In the report we explored the economic case for power systems that were both low carbon and that minimized impacts on rivers by modeling grid expansion options in two countries, Chile and Uganda, and the Mekong River basin region in southeast Asia. In all three cases, we found that these sustainable power systems could be nearly the same cost—or even cheaper in the case of the Mekong region—compared to status quo pathways for expanding grids.
These studies show that countries can develop electricity systems powered by a sustainable mix of renewable energy technologies — including solar, wind, storage and existing or low-impact hydropower – that are low carbon, low cost and low impact on rivers and other ecosystems. The vast pool of low-impact wind and solar, described above, suggests that these types of solutions should be in reach of most countries.
And if most countries pursued this pathway, then the world could meet its climate goals while maintaining most of its free-flowing rivers (note that although other activities can affect free-flowing rivers, hydropower has been a primary driver of their loss). Through a combination of lower expansion of hydropower, relative to recent projections, along with best practices for siting new projects, the future global impacts on rivers from fragmentation by hydropower dams could be reduced from 190,000 km to 25,000 km – a nearly 90% decrease (see figure below).
While these modeling results help us envision a more sustainable future, the recent trends in costs and investment reveal that many countries and companies are out there building that future right now. However, while market forces are now driving change, global uptake at the necessary scale and pace still requires policy and financial mechanisms to overcome various sources of friction.
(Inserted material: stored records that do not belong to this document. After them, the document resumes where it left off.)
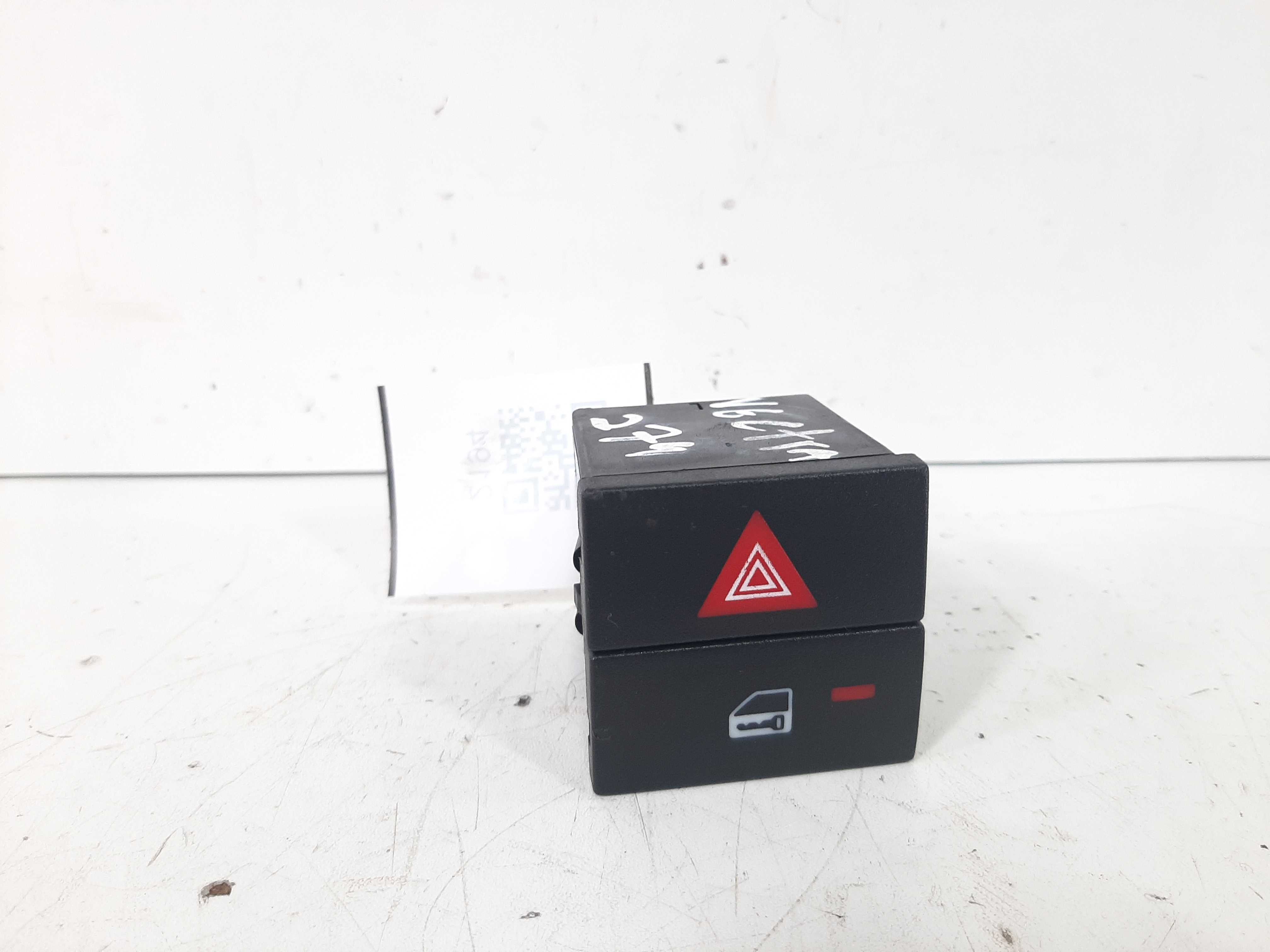 Botão Alerta Trava Porta Vectra Hatch Gt 2006 2007 A 2012 1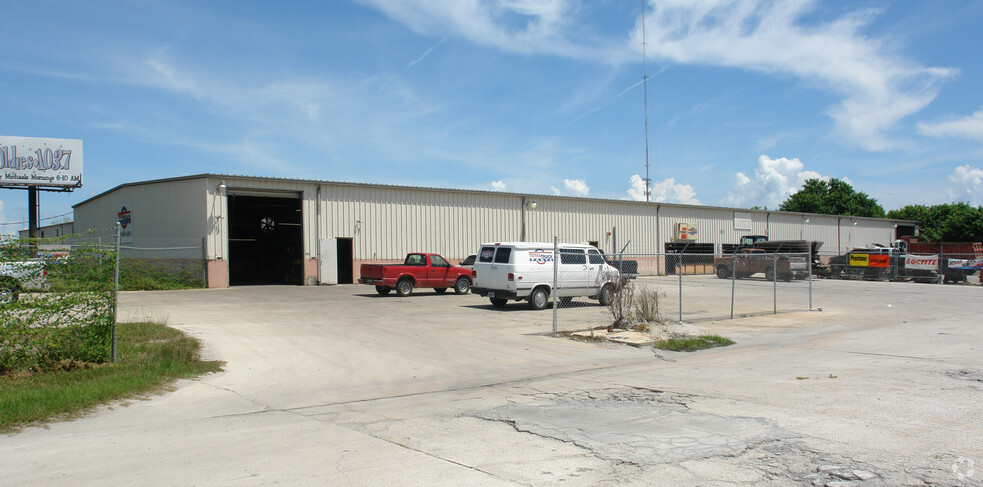 Primary Photo Of 3904 S Selvitz Rd, Fort Pierce Distribution For Lease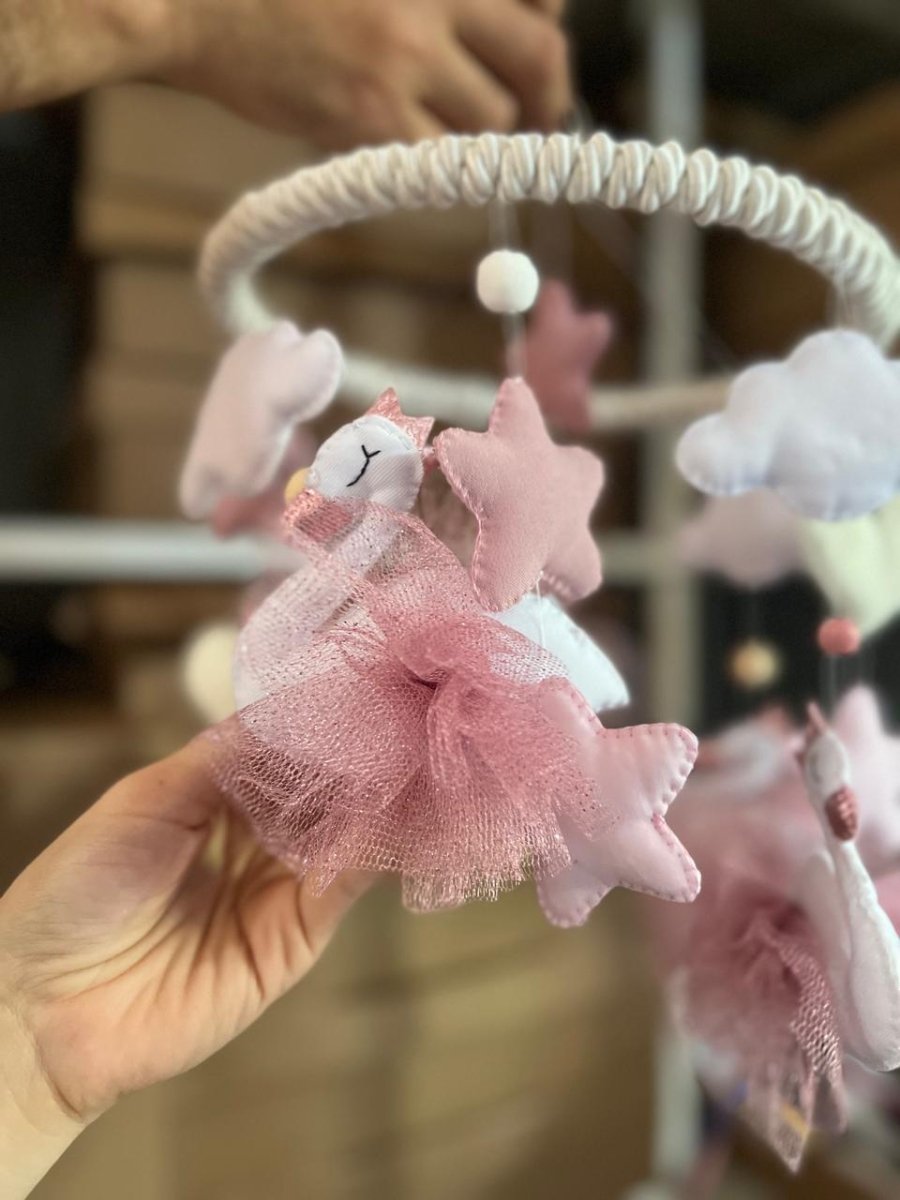 Móvil de cuna hecho a mano con nubes y estrellas – Feltcraft RD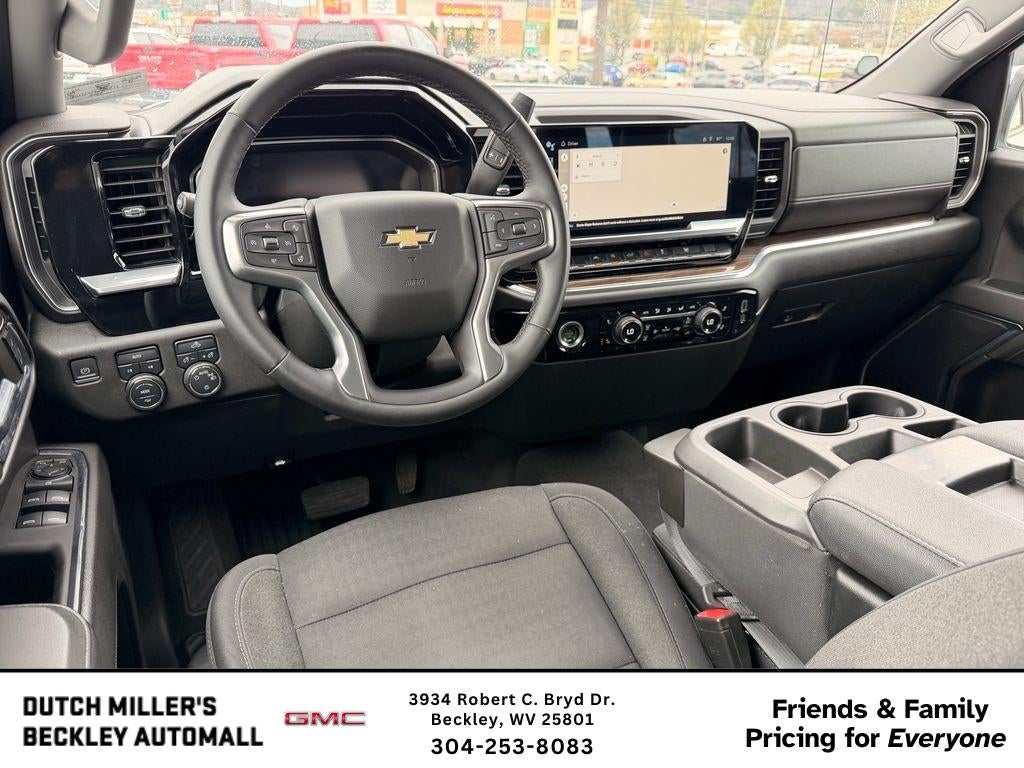 2023 Chevrolet Silverado 1500 LT (2FL)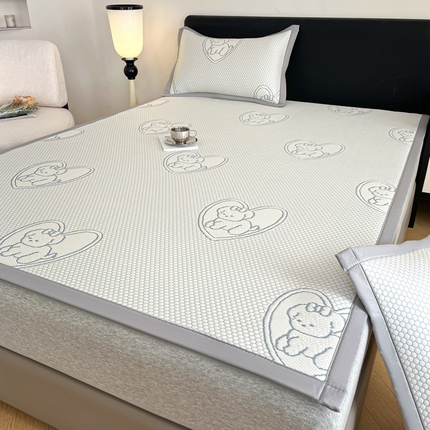 91家纺网 家纺一手货源 找家纺 （总）摩妮卡 2025新款PE中分子凉感提花冰豆豆凉席三件套床笠三件套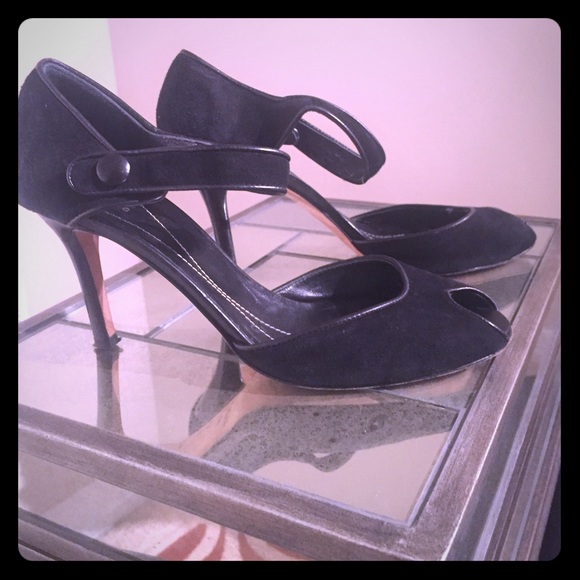 Kate Spade suede heels 🎀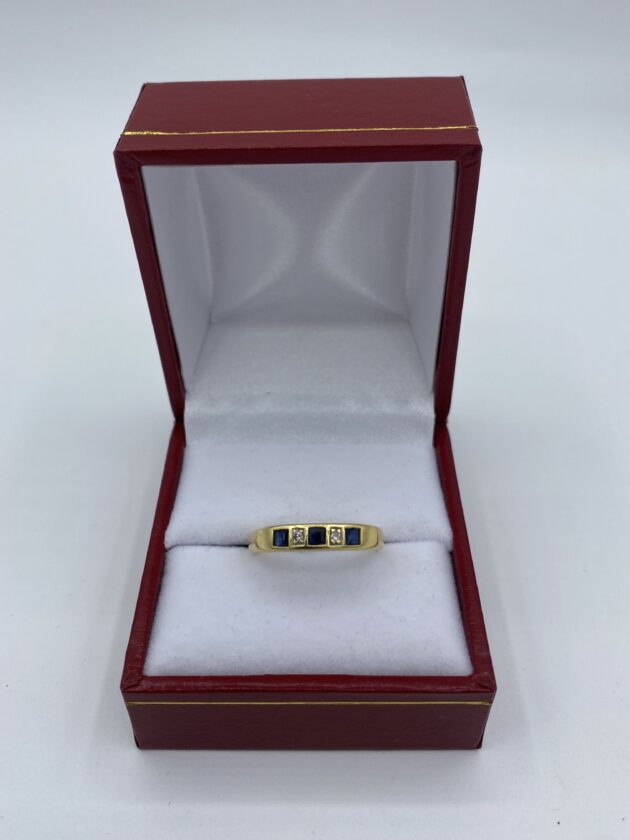 Bague-or-jaune-3-saphirs-et-2-diamants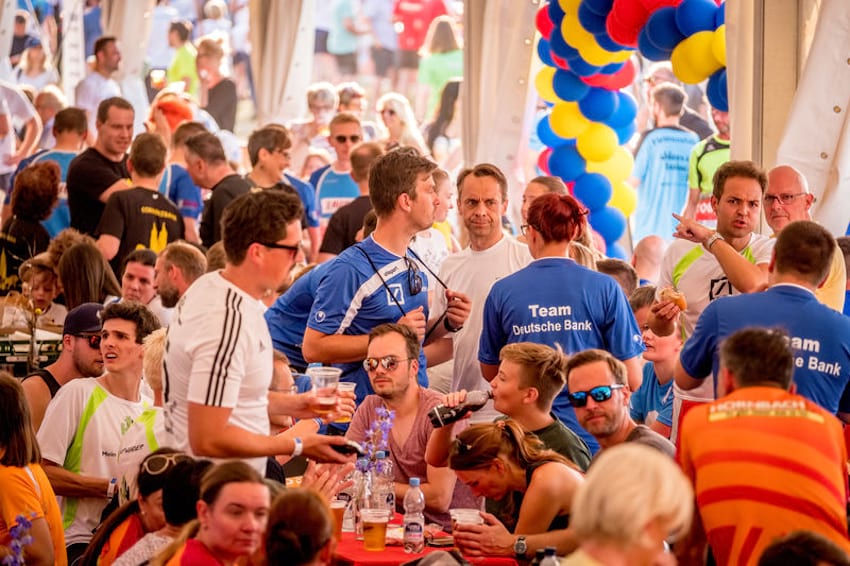 Tisch im Festzelt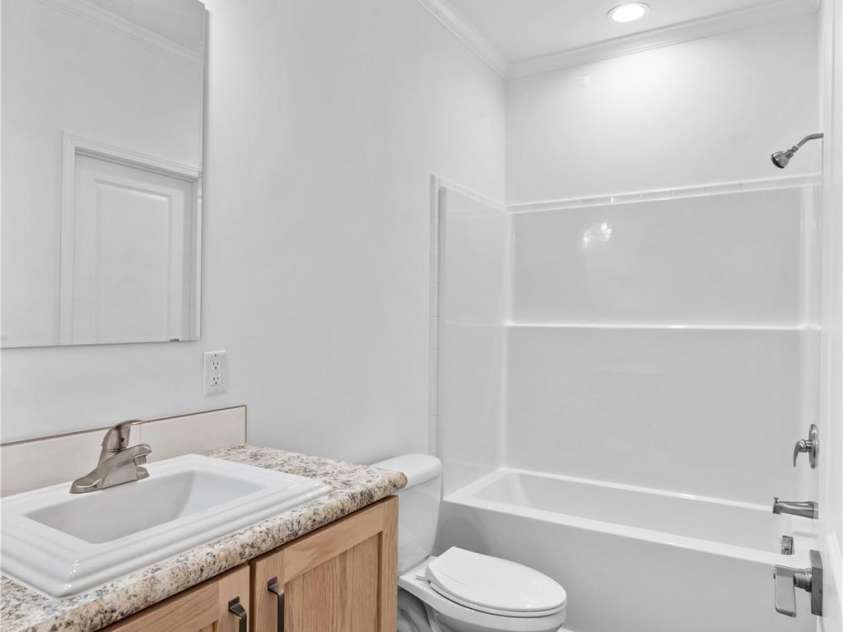 6040 Bridges Street, Catawba, NC 28609.  MLS# CAR4373131, YatesRealty ID 23143. 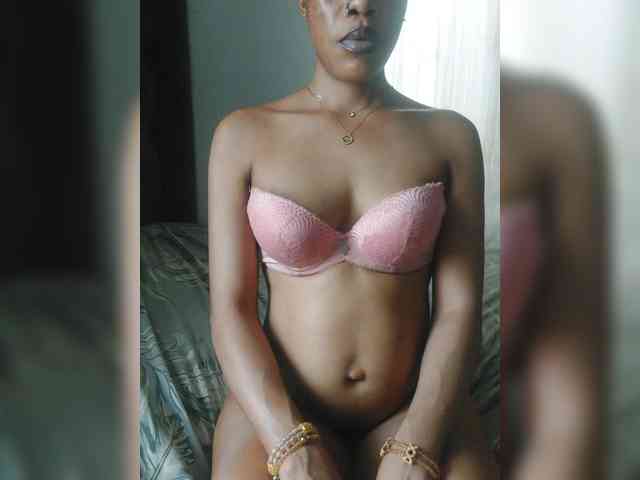 GlobeTrottieHottie1 webcam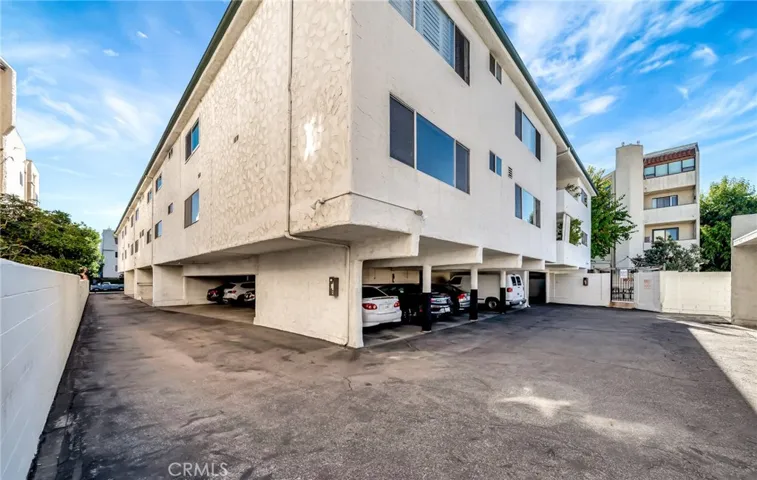 5315 Zelzah Avenue 6, Encino, California 91316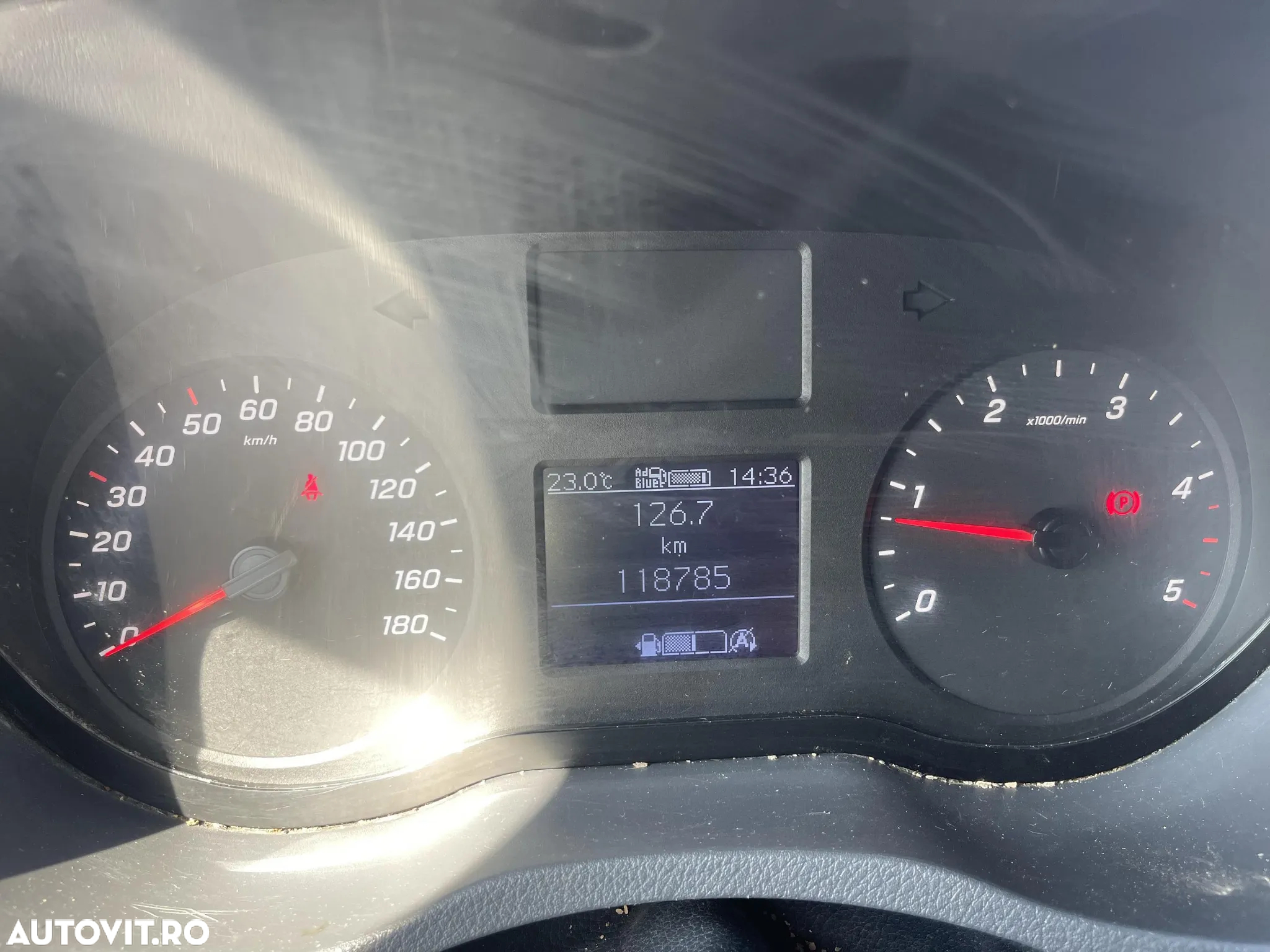 Mercedes-Benz Sprinter - 12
If those constraints delay the transition by even a decade, the health and productivity of rivers such as the Mekong, Irrawaddy, and Amazon — and dozens or hundreds of others around the world — will decline due to significant impacts that are both near-permanent and avoidable. It would be a great tragedy if the full environmental benefits of the renewable revolution arrived just a few years too late to safeguard the world’s great rivers and all the diverse benefits they provide to people and nature.